I have an HP ML 310 server running CentOS Linux 5.5. I'm buying a RAID card (LSI 9260-8i) to set up a mirrored OS drive. Right now, the boot drive is set up with GRUB installed on the MBR of /dev/sda & has a 100MB /boot partition for /dev/sda1, then the rest is configured in LVM with a 20GB with a 20GB VG for the root partition & ~80GB VG for home. The new disk sizes will also be slightly larger as well. What is the best way to clone the boot drive to the new CCISS device?


I think you should think more about a full backup/reinstall/restore cycle. You could use DD but the different disk sizes don't help there.

You can also use tar or any other tool to get a full dump of the filesystem, repartition the new disk and untar all the stuff to the right places. You can even do it over a network and livecd/usb image using nc:

Machine to receive the backup (/target is where your new disk partitions are mounted):

$ nc -l -p <port> | tar zxvf - -C /target/

Machine where the backup is:

$ cat backup.tar.gz | nc <server ip> <port>

I do it often this way:

  1. create the partitions on the new drive, "cloning" the partition layout. Partitions don't have to be same size, equal or bigger.

  2. rsync whole partitions from one disc to the new one (rsync -avx --exclude=/proc --exclude=/sys --exclude=/dev --exclude=... , "-x" so it does not go over file system boundaries)

  3. if partition layout changed, adapt /etc/fstab

  4. some OS'es use /dev/disk/by-id/... naming and this will change on your new devices, adapt therefore /etc/fstab, /boot/grub/menu.lst, perhaps /boot/grub/device.map, ...
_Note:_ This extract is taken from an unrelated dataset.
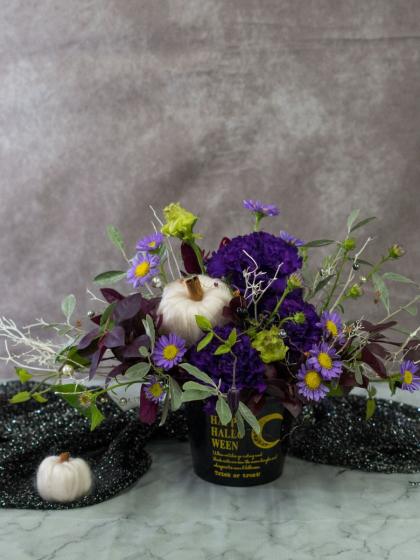 ユーフォルビア ホリダ White zebra S胴太 大株 選抜 ミニ子株付き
  5. if cloning to a new system wou would have to adapt MAC addresses also, but this is not the case here ...

Have fun.


Since you are using LVM, using LVM snapshots is a good idea. I am not a fan of cloning LVM volumes because the Universally Unique elements that are essential to proper LVM function are no longer that Universally Unique. You never know how much your system will continue running with old and new hardware. I would suggest leveraging LVM's snapshot technology for everything other the your boot volume. Basically, you have VG_existing, and you will have to add your PVs to a new group VG_new, you will create new LVs under this group, and use same exact names as LVs i VG_old. Then you can create a snapshot of each volume in VG_old, and basically do a 'dd' from each snapshot to an identically named volume in your new group. This way you will not have a hobbled LVM configuration, and you can do this with a system live, no need for any real downtime. You will need to adjust grub later, and you are all set.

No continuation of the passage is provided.